66歳男 分からないことは納得出来るまで調べて独力で努力した

現在66歳の年金生活者の男性です。

息子は三人いますがみんな独立し、今は八王子の郊外に購入した一戸建ての家で、家内と二人でのんびりと暮らしています。

現役時代には、一部上場の製薬会社の研究開発部門で医薬品の開発に携わっててました。

私は小さい時から運動神経は抜群で、小学生時代は運動会では何時もリレーの選手に選ばれていました。

しかし、体育以外の成績はからっきしでした。

特に理論的に考える能力が必要な算数は全くダメな上、努力するタイプでもなかったので国語や社会も結局その成績は振るいませんでした。

これは、私が大きくなったときに母親から聞かされた話ですが、父兄参観の時に担任の先生から「お宅の息子さんは上の学校に進学させることは考えずに、水商売の道に進めた方がいいです」とまで言われていたそうです。

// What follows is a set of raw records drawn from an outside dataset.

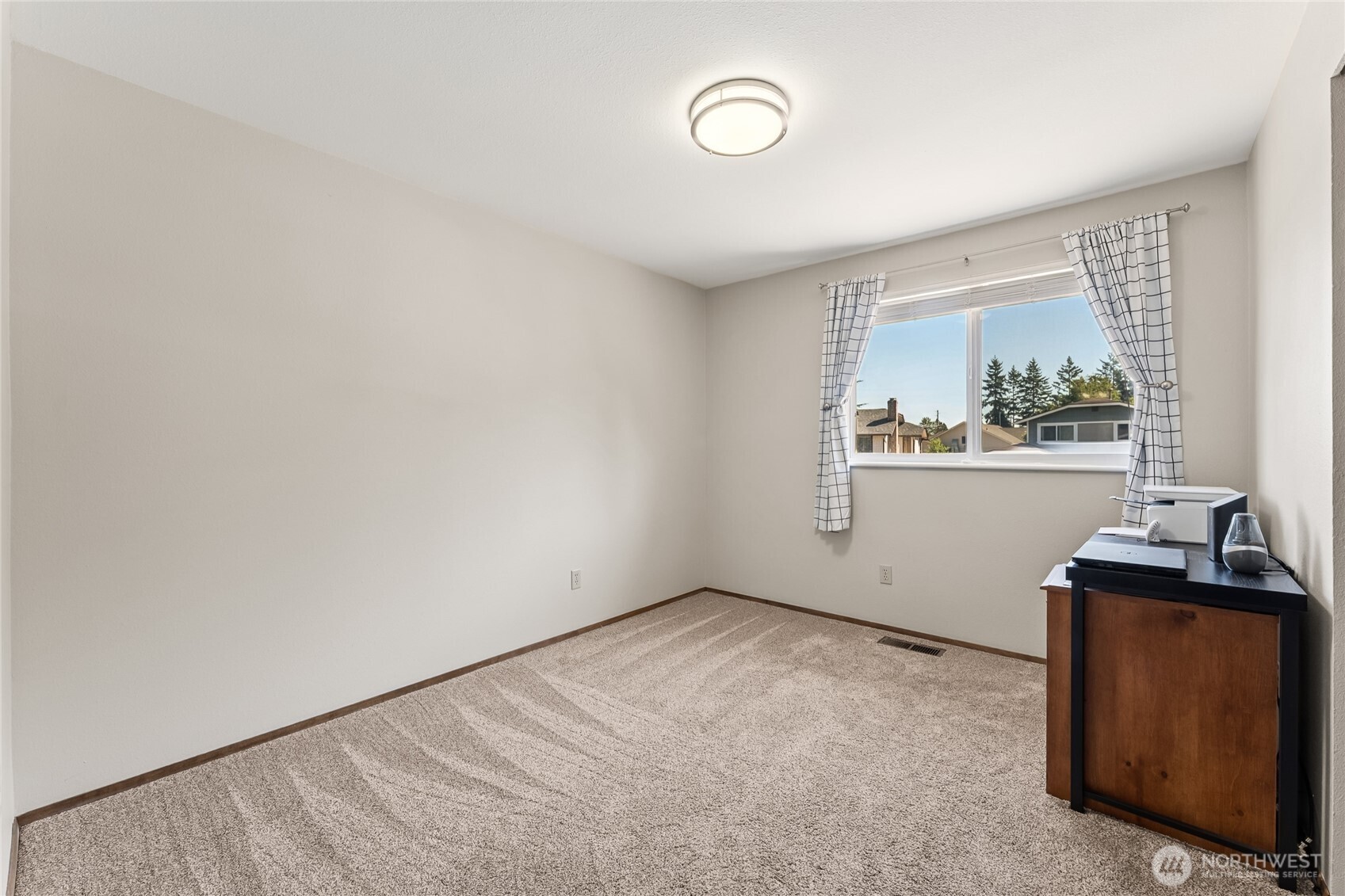 2402 Southeast 21st Street Renton, WA 98055 - Photo 13 of 24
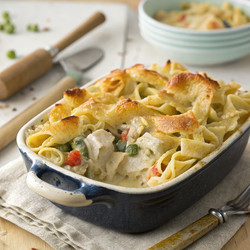 Вкусный куриный пирог с хрустящей корочкой и лапшой. Генеративный искусственный интеллект - RomanZ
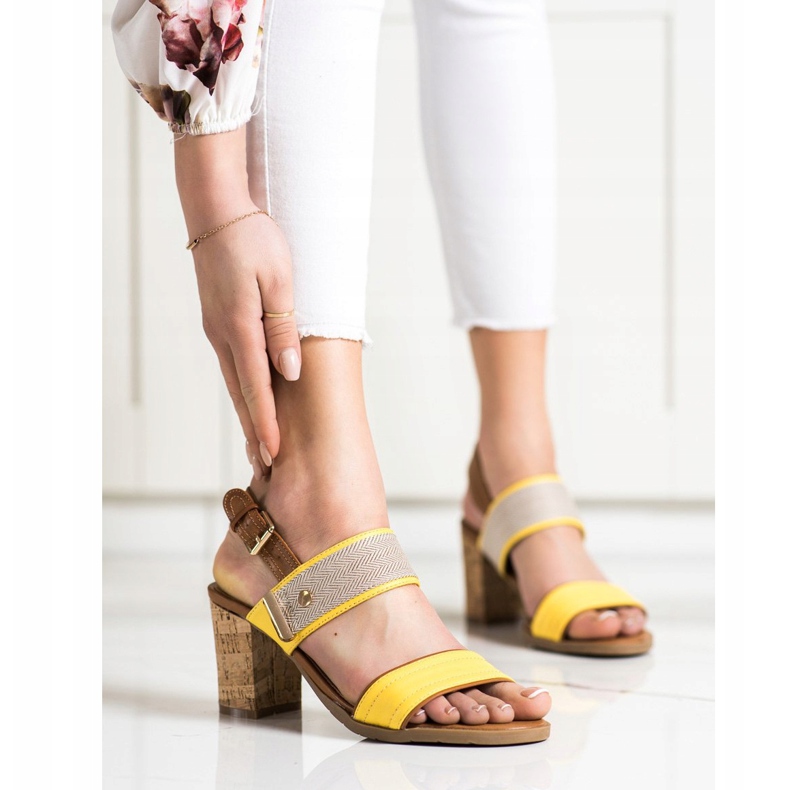 Evento Bequeme Sandalen an einer Bar braun gelb 1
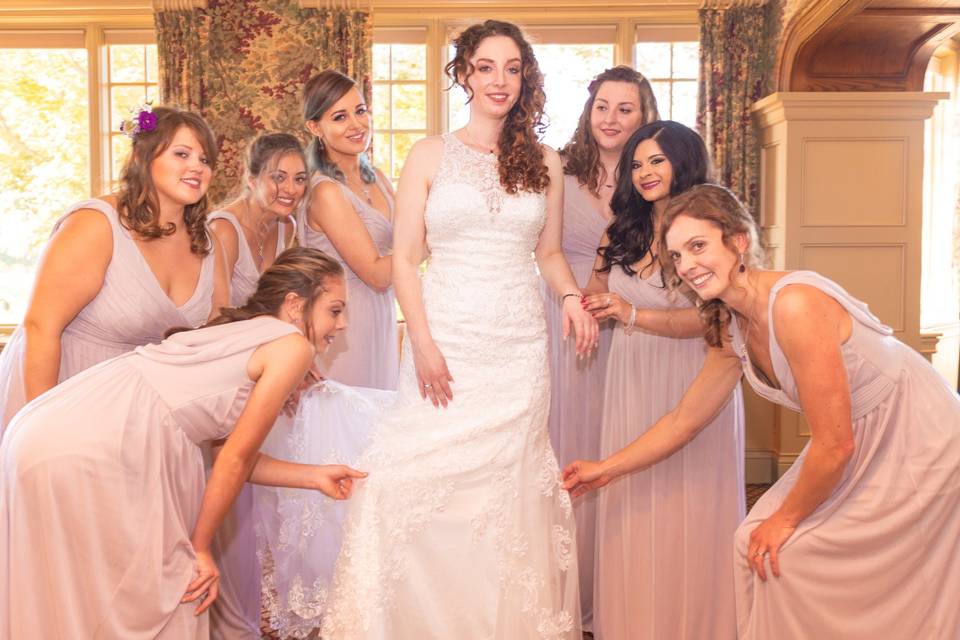 Friends of the bride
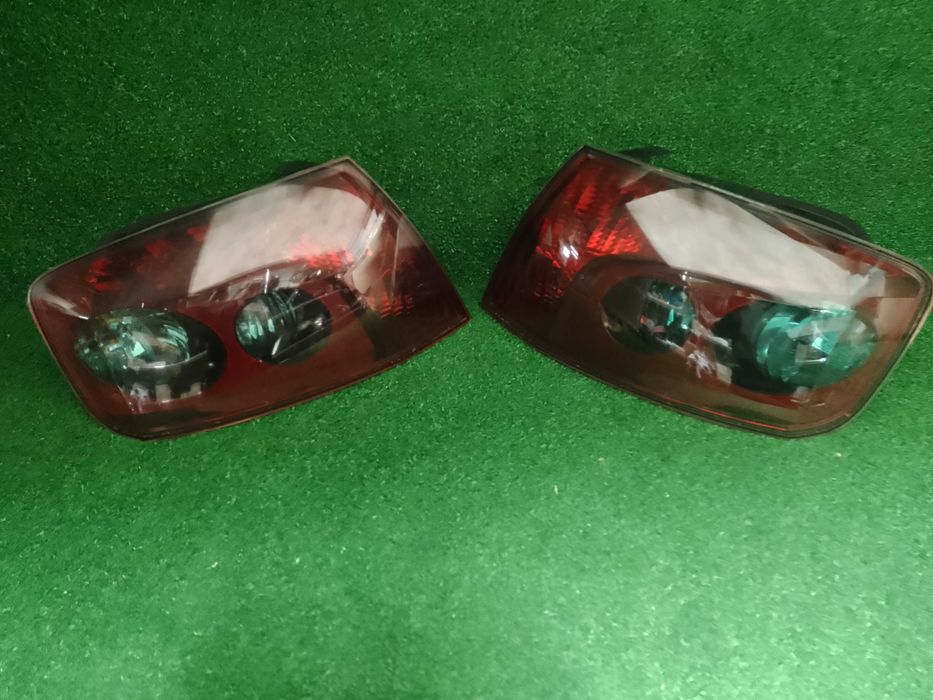 Peugeot 407 sedan, EU, lampa tył lewa, prawa.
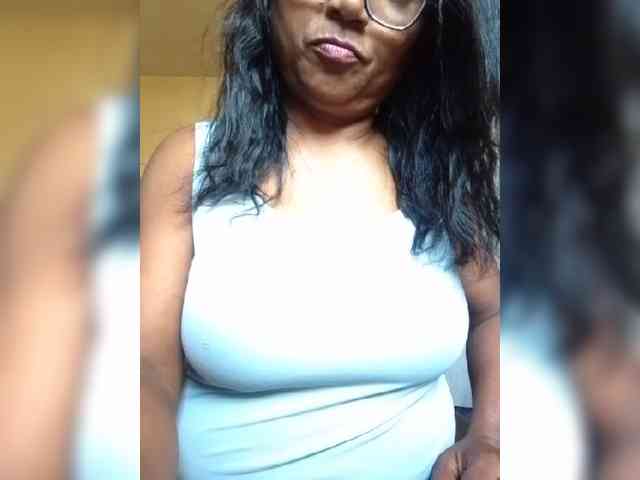 hotmomsexy webcam
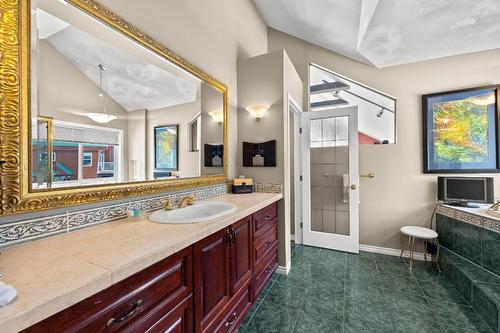 2-4436 Meadow Creek Road, Kamloops, BC - Indoor Photo Showing Bathroom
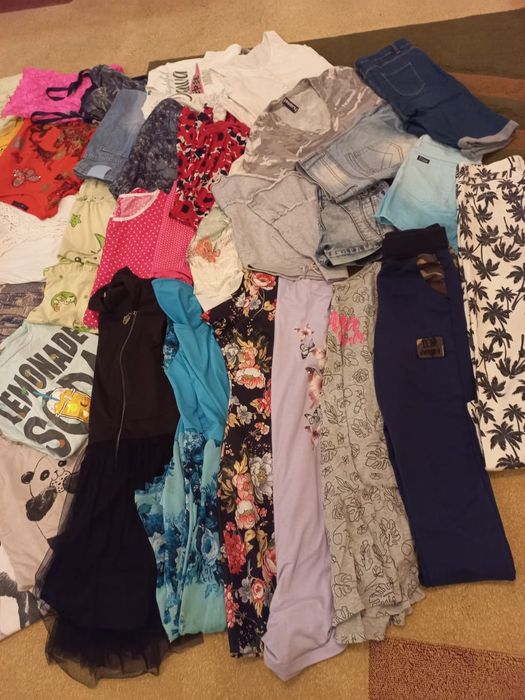 Продам / вещи на девочку / .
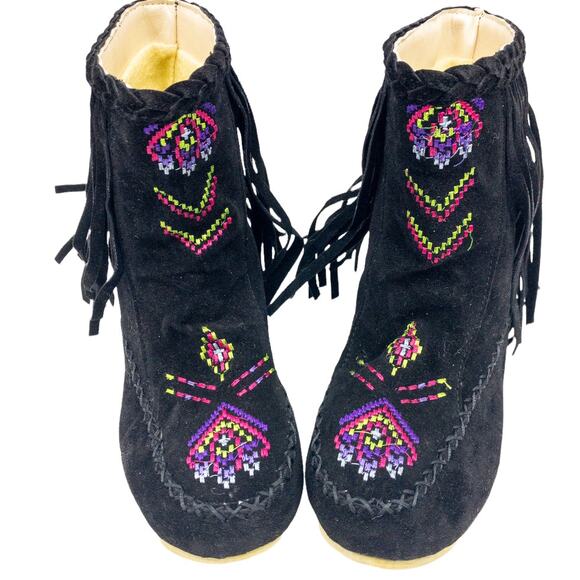 BUTITI Black Embroidered Southwestern Fuzzy-Lined Fringed Boho Ankle Boots 8 - Picture 1 of 12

中学生時代は軟式テニス部に入部し勉強はそっちのけでしたし、高校時代もその延長線上でした。

そのため高校2年の時の学力試験では、学年で後ろから三番でした。

この時は流石に母親が激怒し、テニス部は暫く休部させられてしまいました。

当然、現役で大学に入れるはずもなく一年浪人をして、翌年なんとか大学には入ることが出来ました。

私は小学校から高校を卒業するまで、腰を落ち着けて勉強をするという習慣が全くありませんでした。

私は浪人した頃から、きちんと机に向かうということを経験し、勉強に時間を取るという習慣が身に付いたのだと思っています。

もっとも、浪人の時はそれしかやることがなかったので、一日中机に噛り付いていました。

一つはそういう習慣が大切だということに気が付いたのです。

もう一つは、自分が納得出来るまで、分からないことは調べて納得するということです。

私は浪人の時、予備校に通いましたが、行ったのは最初だけで、後は全て自分で調べて自分で納得して勉強を進めて行きました。

また、英語などの記憶がメインとなる学科は、何回も何回も繰り返し反復するという努力を惜しみませんでした。

それはみんな分かっていると言うのですが、これが勉強が出来ない者が出来るようになるための一番の近道だと思います。

そうすることで、私は大学を首席で卒業し、大学院に進みその後就職しました。

ただ一つ残念だったと感じていることは、勉強することに対する目的を持っていなかったことです。

何となく薬学を専攻し、何となく製薬会社に就職し、何となく人生をここまで過ごしてしまったことに何か虚しさ感じます。

自分が本当にしたかったのはこれだったのかと言う後悔の念を感じます。

今の信条をもって若い頃に戻れるのなら、きっとどんな大学でも入れるし、どんな人生でも選択出来たんじゃないかと。

小さい時からそのことを理解し、努力することの大切さに気が付けるかが、後悔しない人生を獲得するための一つの方法かもしれません。